■ **ACTION ITEM**
Without including any pictures, please copy every entry below exactly.

Collected data:
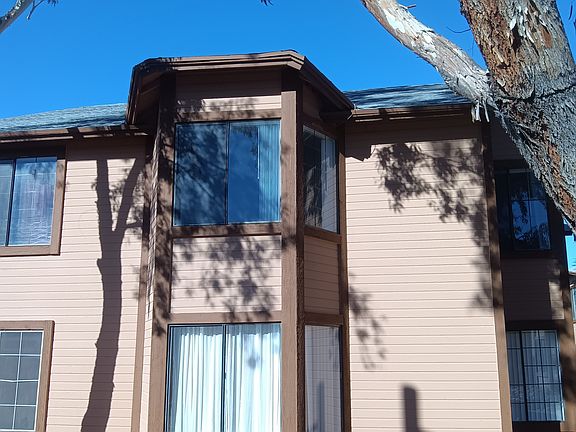 4th image of 1702 W Wood Bridge Ct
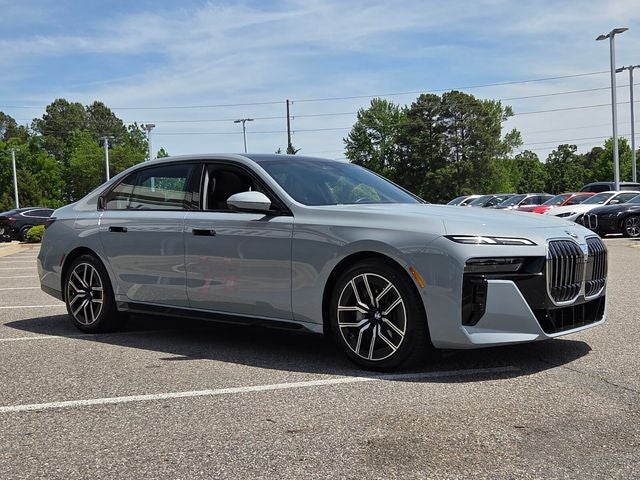 2025 BMW 7 Series 740i xDrive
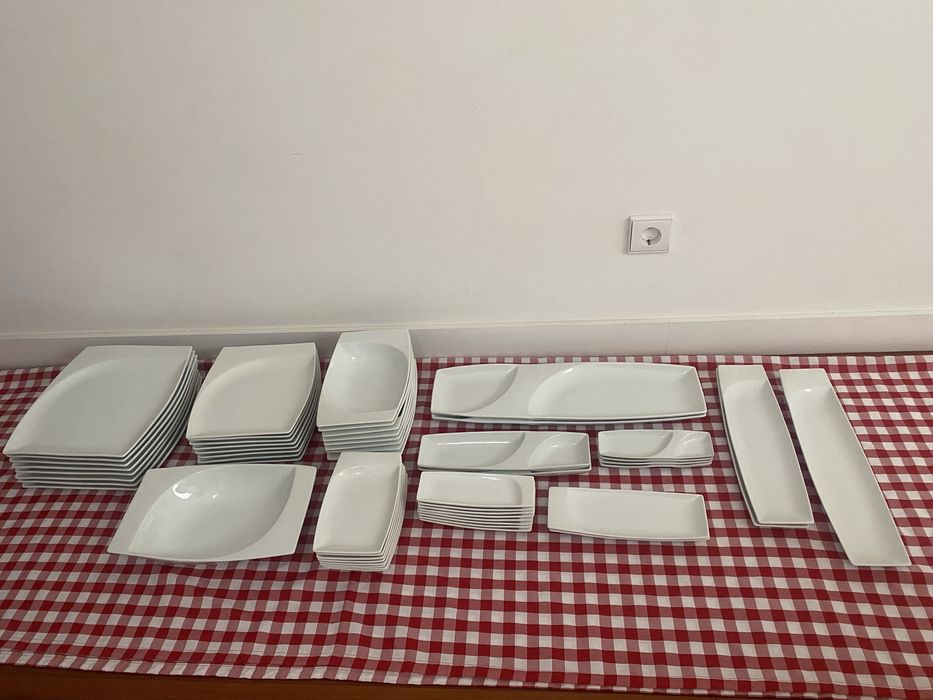 Serviço de mesa de 54 peças de cerâmica Celos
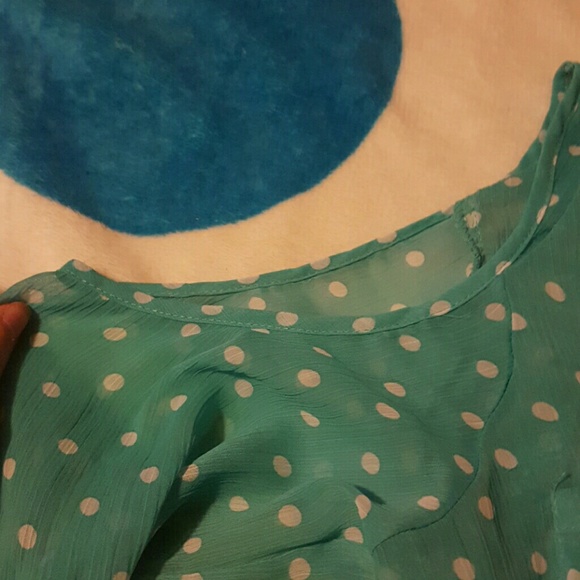 🌺Cold shoulder button down🌺 - Picture 2 of 3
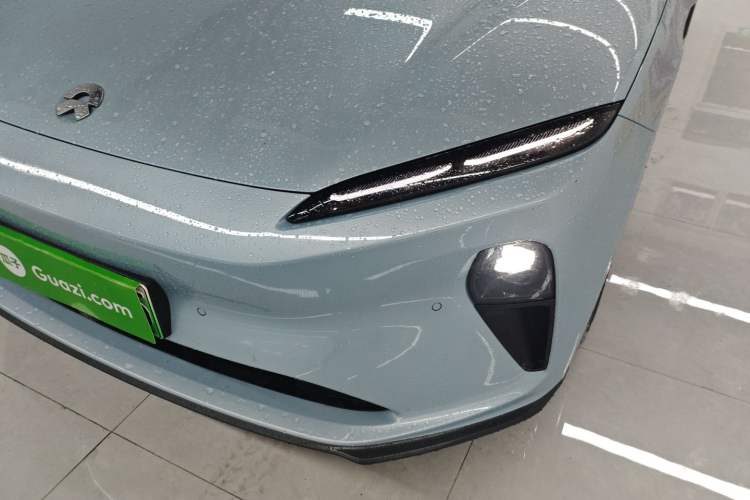 Used Nio ET5 2022 75 kWh Left Front Headlight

■ **REPLY TO THE TASK**
 4th image of 1702 W Wood Bridge Ct
 2025 BMW 7 Series 740i xDrive
 Serviço de mesa de 54 peças de cerâmica Celos
 🌺Cold shoulder button down🌺 - Picture 2 of 3
 Used Nio ET5 2022 75 kWh Left Front Headlight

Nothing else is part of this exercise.